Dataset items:
/---

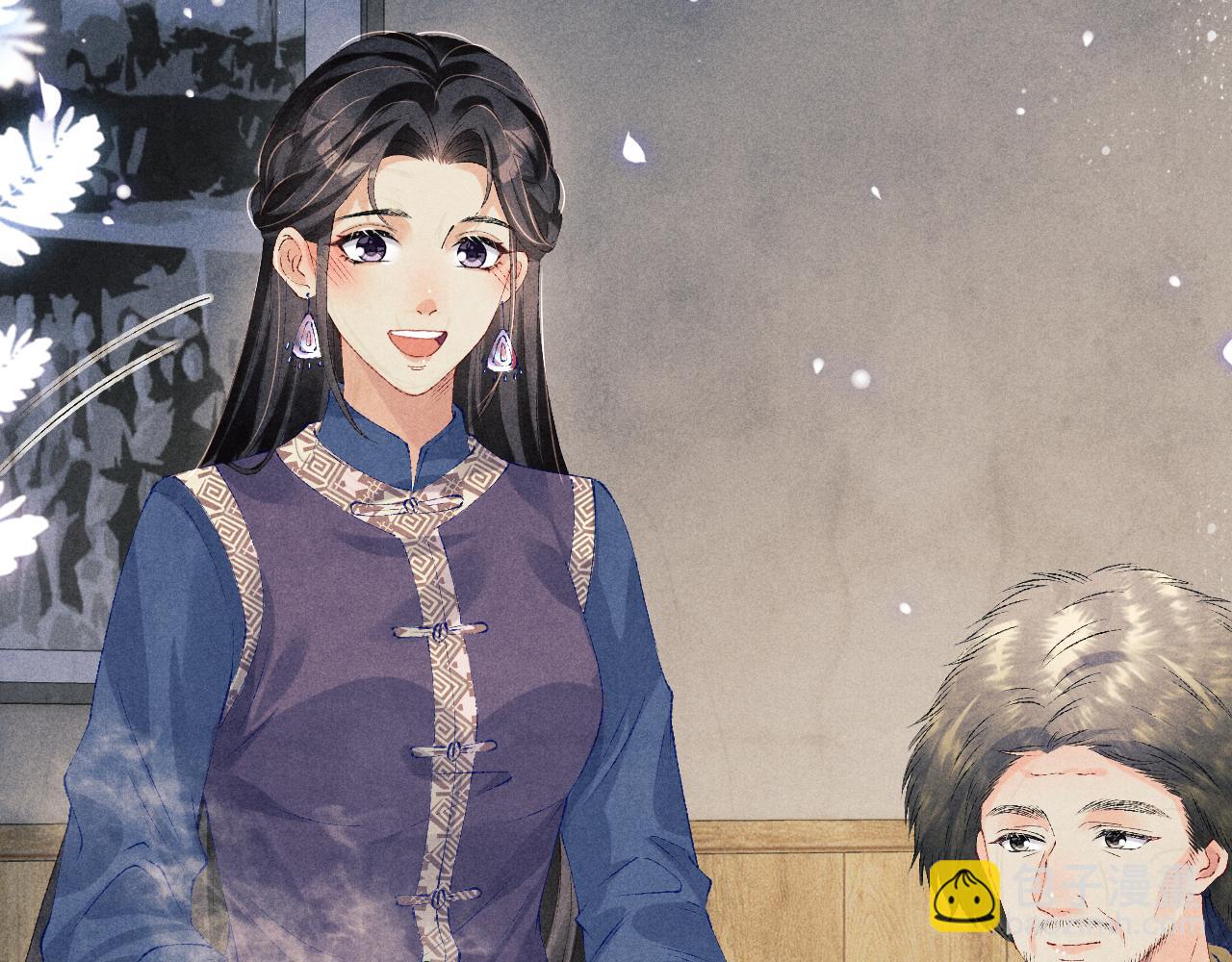 第102话 我想跟你&hellip;&hellip;(1/3)-第105话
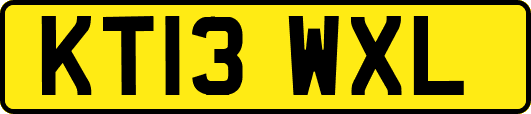 KT13WXL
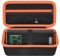 Hülle kompatibel mit Bushnell Golf Wingman View Golf GPS-Lautsprecher (nur Box)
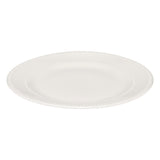 Farfurie intinsa Pearl diametru 27 cm portelan alb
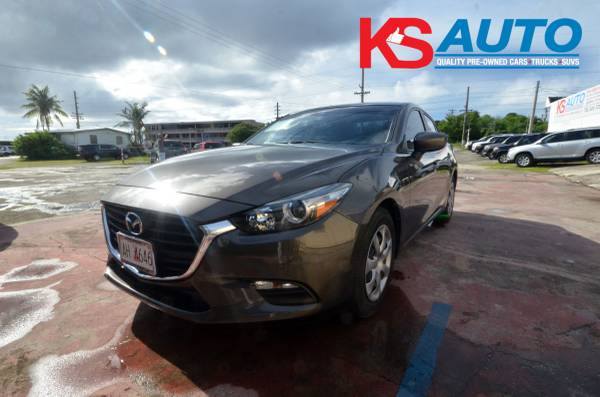 ★★2018 Mazda 3 at KS Auto★★ for sale in Other, Other
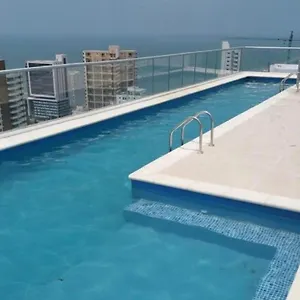 Exclusive House , Cartagena Colombia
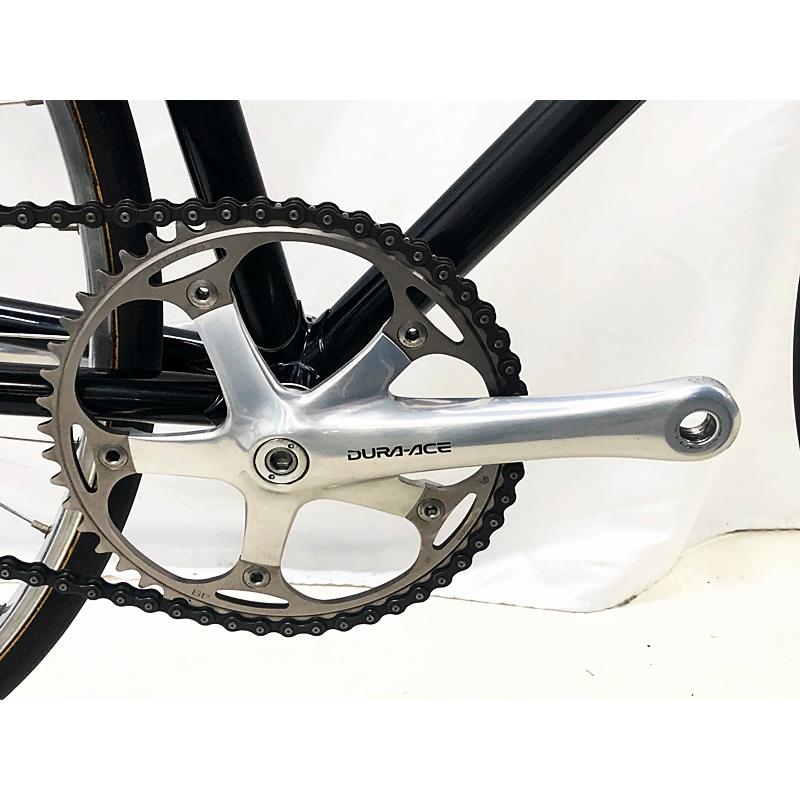 珍品 COLNAGO air pump コルナゴ　ピスト COLNAGO コルナゴ スーパー SUPER 2011~2012年 シングルスピード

\---

## [TASK DIRECTIONS]
Return the records exactly as they stand, and drop every picture.

## [EXERCISE RESULT]
 第102话 我想跟你&hellip;&hellip;(1/3)-第105话
 KT13WXL
 Hülle kompatibel mit Bushnell Golf Wingman View Golf GPS-Lautsprecher (nur Box)
 Farfurie intinsa Pearl diametru 27 cm portelan alb
 ★★2018 Mazda 3 at KS Auto★★ for sale in Other, Other
 Exclusive House , Cartagena Colombia
 珍品 COLNAGO air pump コルナゴ　ピスト COLNAGO コルナゴ スーパー SUPER 2011~2012年 シングルスピード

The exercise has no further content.